Decentralization and Local Governance: The Role of Civil Society

Roundtable discussion in Tunisia

On December 3-5 the Forum of Federations, in collaboration with the Tunisian Ministry in charge of relations with Constitutional Bodies and Civil Society, organized a workshop for members of constitutional bodies and civil society.
Delivered within the scope of Phase III of the Forumโ€™s program to support decentralization in Tunisia, the aim of the event was to establish a regional dialogue on the role civil society plays in the implementation of decentralization and its operationalization.
This meeting brought together young people (men and women) active in civil society in the Medenine region, two international experts, a number of local experts, and “Al Bawsala” – a Tunisian non-governmental organization.
Following a presentation which introduced the work of the Forum, Ms. Sheela Embounou, director of the Ottawa-based project, and Ms. Kalthoum Bouzaiene, Director in the Presidency of the Government, emphasized the role civil society will play in the economic and social development of Tunisia – especially in regional and municipal elections.
The first day of training was devoted to defining decentralization concepts and assessing how they can function in Tunisia. Mr. Makram Montacer stressed that decentralization better reflects the preferences of different local stakeholders in the delivery of public goods and services. The expression of preferences by local stakeholders must pass through the creation of democratic institutions. Principals of decentralization are enshrined in the Tunisian constitution but the process through which this model will be developed remains insufficiently clear and complicated.
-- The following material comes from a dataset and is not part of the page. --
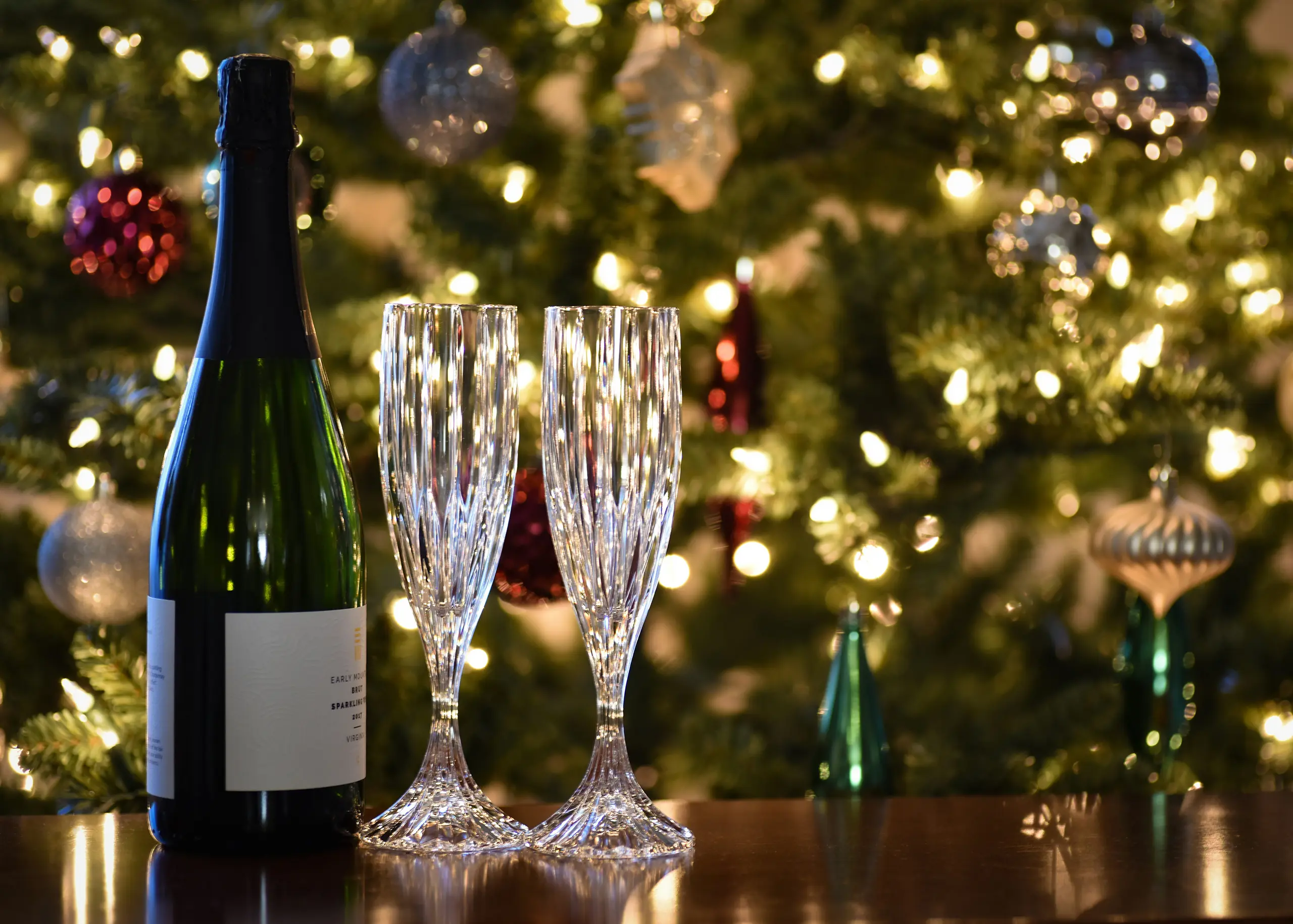 christmas wine and glasses in front of tree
Our expert explained European experiences in this area based on more balanced territorial competitiveness.
The constitutional role of civil society was explored by Ms. Salwa Hamrouni, a member of the Tunisian Association of Constitutional Law and Professor of Public Law. She underlined how local authorities and civil society must work together to make decentralization function. The next municipal and regional elections will be particularly significant for civil society. For its part, the state should ensure transparency and respect for democratic local governance.
Ms. Chaima Bouhlel, director of the “Marsad Baladia” project, explained that Tunisian associations should be active players in decentralization. The “Marsad Baladia” project was launched in January 2014 in order to monitor the activity of municipalities through access to information and communication. The project also aims to narrow the gap between the municipality and the citizen by improving the understanding of the realities of local and municipal politics, and increasing participation in decision making.
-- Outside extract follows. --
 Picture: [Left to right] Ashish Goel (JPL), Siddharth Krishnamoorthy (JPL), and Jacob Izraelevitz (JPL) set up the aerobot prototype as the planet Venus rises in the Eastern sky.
An international perspective was provided by Ms. Alexa Conradi, former president of the Federation of Quebec Women, who highlighted that the role of civil society revolves around 10 basic points: Raise, Oppose, Criticize, Analyze, Mobilize, Negotiate, Propose, Disobey, Convince and Document. She discussed the housing crisis in Quebec, nominally a shared responsibility between the Federal Government, Provincial Government, and Municipalities. In this case, civil society organized a popular committee on housing rights, providing a new mechanism through which citizens could interrelate with the authorities.
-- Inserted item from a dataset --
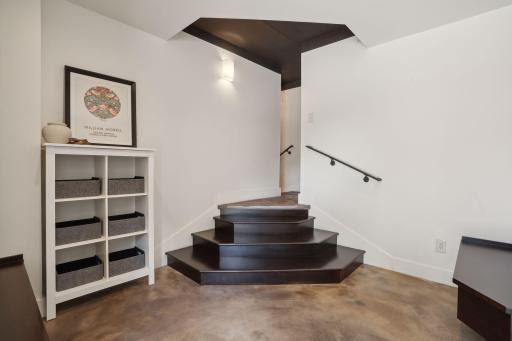 Wide boot benches and spacious walk-in coat closet- an elegant way to organize and store winter jackets, boots and more.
The first day concluded with group work on the challenges and obstacles faced by Tunisian civil society.
Building on the Moroccan experience in decentralization, Ms. H. Lahbayli introduced the concept of the Participatory Budget, defined as a process by which communities participate in the debates on public policies, how best to use public resources, and how to ensure transparency.
The participatory budgeting principles are: Participation, Efficiency, Transparency, Inclusion, Solidarity, and Transversality.
In his second presentation during the workshop, Mr. Makram Montacer explained that decentralization is a societal choice that requires a global vision. Several challenges arise as a consequence of this process, including issues of the territorial division of the powers of local government, finance and taxation, cooperation, the implementation of devolved administration, and the promotion of investment and development.
The final working group session focused on mechanisms to improve the participation of civil society in a process of decentralization.